Mentre a Roma echeggia ancora la polemica sulla città collassata che non trova l’energia per rialzarsi dallo spaventoso deficit, morale prima ancora che economico, che la affligge; mentre amici francesi mi raccontano con ironia scene volgari e tristemente verosimili per noi italiani a cui hanno assistito alla Biblioteca Nazionale di Roma (quella che dovrebbe essere un fiore all’occhiello della cultura italiana…), assisto alla campagna elettorale di Anne Hidalgo, candidata sindaco di Parigi. Prima osservazione, banale ovunque tranne che in Italia, dove ancora ricordiamo il caso Kyenge: qui è naturale che una naturalizzata francese, discendente di repubblicani spagnoli e nata a sua volta in Spagna, punti alla guida della capitale francese, così come è stato naturale che un italiano di origine sia diventato sindaco di New York. L’integrazione, che da noi sembra più un oggetto di dibattito ameno per politici in pensione, altrove è una realtà consolidata.

Le elezioni si terranno tra una settimana, il 23 marzo – con eventuale ballottaggio il 30 – ma Hidalgo è decisamente in vantaggio. Soltanto un miracolo potrebbe portare all’Hotel de ville (il Municipio parigino) la candidata del centrodestra, Nathalie Kosciusko-Morizet. Del resto la più che decennale gestione del sindaco uscente Delanoë, di cui Hidalgo era l’aggiunto, ha sostenuto la crescita equilibrata di Parigi: 70mila case popolari finanziate tra il 2001 e il 2013, 71mila nuovi posti di lavoro in dieci anni, centinaia di imprese nate, crescita esponenziale della popolazione giovane, 1 miliardo di euro investito nell’innovazione negli ultimi cinque anni, diminuzione del 25 per cento del traffico automobilistico, creazione e diffusione capillare del sistema di noleggio facile ed economico di biciclette e auto elettriche – Velib’ e Autolib’ -, attrattività crescente della città per il turismo, l’economia, la cultura… Certo, i problemi non mancano (inquinamento, periferie, esclusione sociale) ma Parigi è una città in movimento, che sa attrezzarsi e soprattutto regolare la vita collettiva. E’ l’incarnazione della normalità metropolitana, in Italia praticamente ignota.

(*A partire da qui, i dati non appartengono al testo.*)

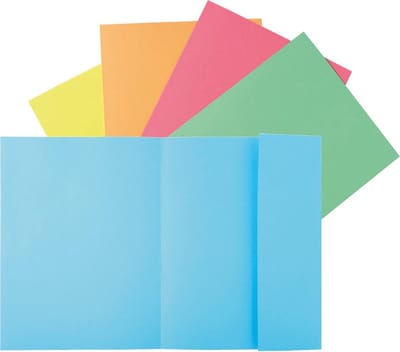 Exacompta 5x SUPER 210 - Pak van 50 dossiermappen met 1 klep - 24x32cm - Geassorteerd - 339000E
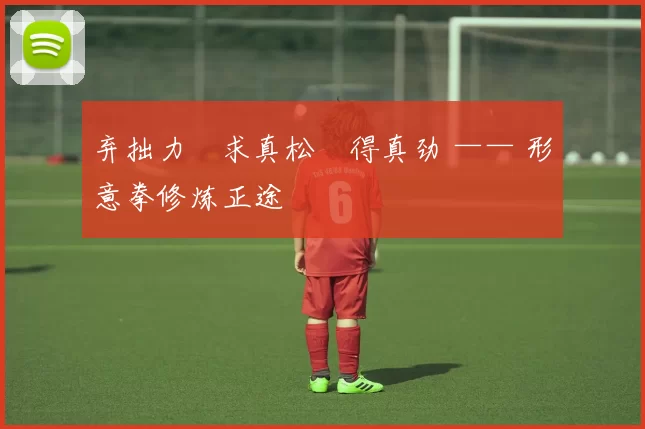 弃拙力・求真松・得真劲 —— 形意拳修炼正途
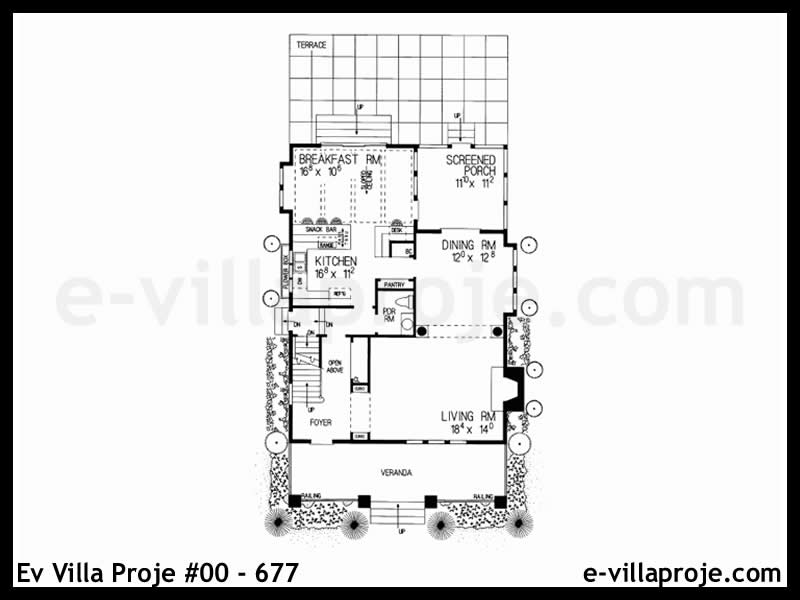 Ev Villa Proje #00 - 677 Detay 2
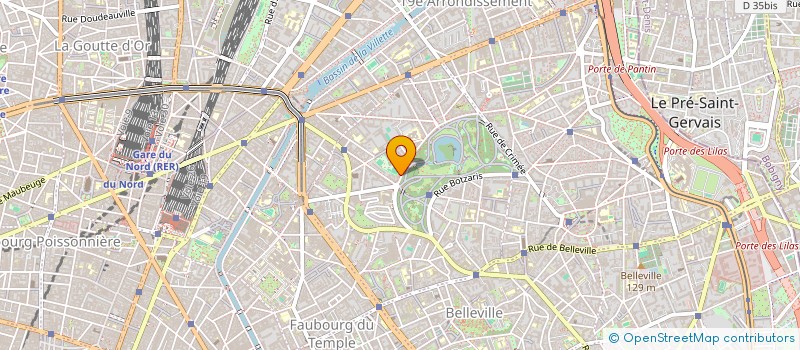 localisation de l'entreprise SCI BOMANIN  PARIS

Nell’affollatissimo meeting di giovedì scorso al Cirque d’Hiver, luogo magico e tra l’altro felliniano nel cuore pulsante della città, con la nomenclatura del Partito Socialista schierata in platea, il clima era comprensibilmente euforico. Ignazio Marino, sindaco dell’unica città gemellata con Parigi, era venuto qui a portare il suo sostegno alla candidata: sostegno appassionato quanto totalmente elusivo delle forti differenze di organizzazione e di efficienza tra le due città.

Quello che mi colpisce è il fatto che nel grande cantiere di innovazione che è Parigi la cultura ha un ruolo guida: l’eccezione culturale si vive ogni giorno nella vita cittadina. Crescono i luoghi di diffusione della cultura, crescono gli addetti al comparto, si difendono gli spazi. Ovviamente la produzione culturale di Parigi non ha uguali per qualità e quantità in Europa. Ma, oltre che puntare su grandi progetti, si punta anche su piccole azioni. Per esempio si sviluppa il tessuto delle biblioteche di quartiere, preziosi gioiellini disseminati in ogni arrondissement. Oppure si difende il microtessuto culturale, fatto di piccole librerie o di cinema di prossimità: anziché accettare come una fatalità l’ecatombe delle librerie indipendenti o delle piccole sale, si difende l’identità dei quartieri salvaguardandole o addirittura aprendone di nuove, destinate a costituire un polo di socialità popolare. La differenza e la pluralità contro l’omologazione sono considerate un valore essenziale.

Caro sindaco Marino, perché queste cose che scandiscono “normalmente” la quotidianità dell’unica città gemella di Roma, nella capitale d’Italia sono cose marziane? Ci potrà regalare fra cinque o, le auguro, dieci anni lo stesso libro di bilancio con cui Bertrand Delanoë si sta congedando dai parigini?